Uno studio pubblicato sul Journal of Affective Disorders ha analizzato oltre 400.000 partecipanti della UK Biobank. Chi riferiva di trascorrere più tempo all’aperto durante il giorno mostrava, in media, meno sintomi di insonnia e stanchezza e una maggiore facilità ad alzarsi. È importante però non trasformare l’associazione in una certezza causale: lo studio non dimostra che basti una passeggiata mattutina per curare l’insonnia. Indica piuttosto che una maggiore esposizione alla luce diurna si accompagna a risultati migliori su sonno e ritmo circadiano.
Quanto tempo serve e perché fuori è meglio
Gli specialisti citati nelle indicazioni più recenti non fissano un numero universale. Mariana Figueiro, esperta di luce e salute al Mount Sinai, suggerisce come obiettivo pratico circa 30 minuti di luce mattutina, mentre il fisiologo circadiano Jamie Zeitzer considera 15 minuti una soglia realistica da cui partire. L’intensità della luce cambia però enormemente con ambiente, stagione, nuvole e distanza dalla finestra, quindi i minuti non possono essere considerati una prescrizione valida per tutti.

Uscire all’aperto resta generalmente la soluzione più efficace perché anche una giornata nuvolosa può offrire molta più luce di una stanza. Una passeggiata, la colazione sul balcone o parte del tragitto verso il lavoro possono quindi trasformarsi in occasioni utili. Non serve guardare direttamente il sole, anzi va evitato: è sufficiente trovarsi in un ambiente luminoso e lasciare che la luce raggiunga naturalmente gli occhi. Chi resta in casa può avvicinarsi a una finestra molto luminosa, sapendo però che il vetro e la distanza riducono l’intensità ricevuta.

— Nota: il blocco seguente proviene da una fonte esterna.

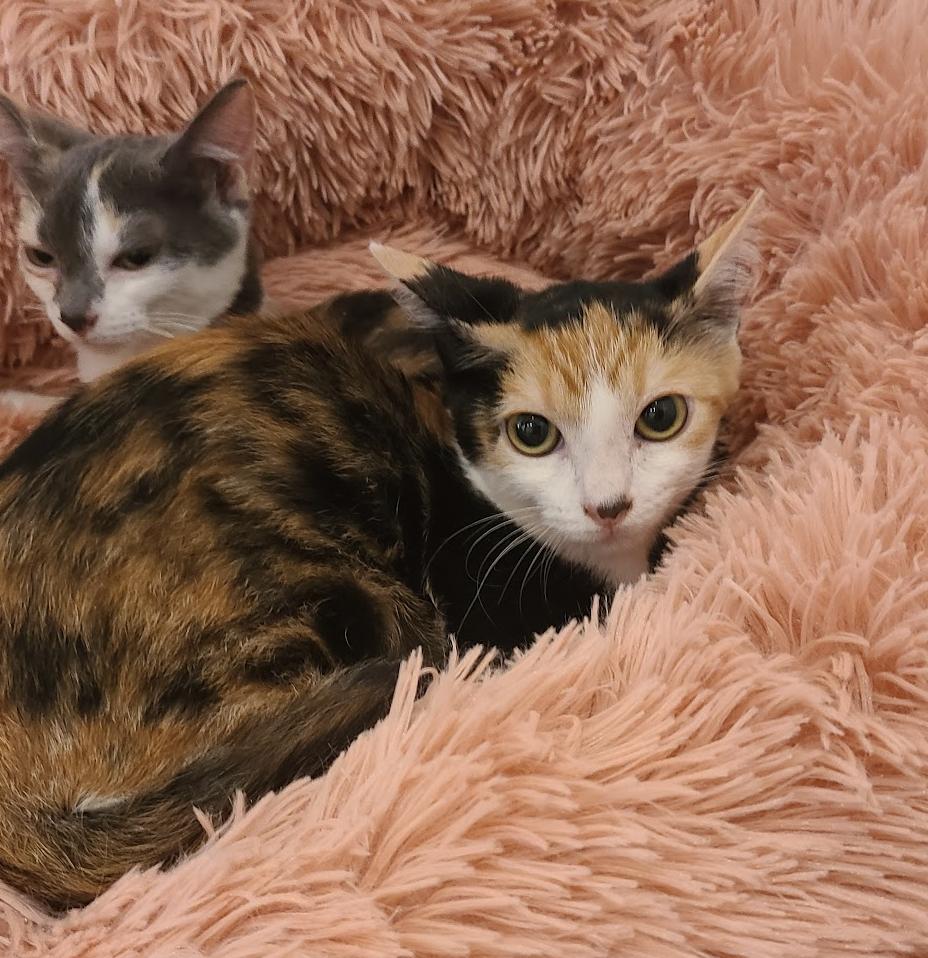 Szechuan, a Adoptable mixed breed in Los Angeles, CA image 2/3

Il caffè non c’entra: sono due meccanismi diversi
Dire che la luce sia “più importante del caffè” è soprattutto un modo efficace per evidenziare due meccanismi differenti. La caffeina aumenta temporaneamente la vigilanza agendo sui recettori dell’adenosina; la luce, invece, è uno dei principali segnali che regolano l’orologio circadiano. Per questo una buona esposizione mattutina non sostituisce automaticamente il caffè, ma può aiutare il corpo a capire che la fase di veglia è iniziata.

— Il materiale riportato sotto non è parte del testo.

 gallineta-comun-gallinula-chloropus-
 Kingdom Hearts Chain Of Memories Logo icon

Vale anche il principio opposto nelle ore serali. Ridurre la luce intensa poco prima di dormire aiuta a mantenere più netto il contrasto tra giorno luminoso e sera più buia. Chi si sveglia prima dell’alba o lavora su turni può avere esigenze differenti e, in alcuni casi, utilizzare lampade per fototerapia; se esistono patologie oculari, disturbi del sonno importanti o terapie fotosensibilizzanti, è meglio parlarne con un professionista. Per tutti gli altri la regola resta semplice: più luce naturale al mattino, meno luce intensa la sera. Una routine gratuita che vale la pena provare.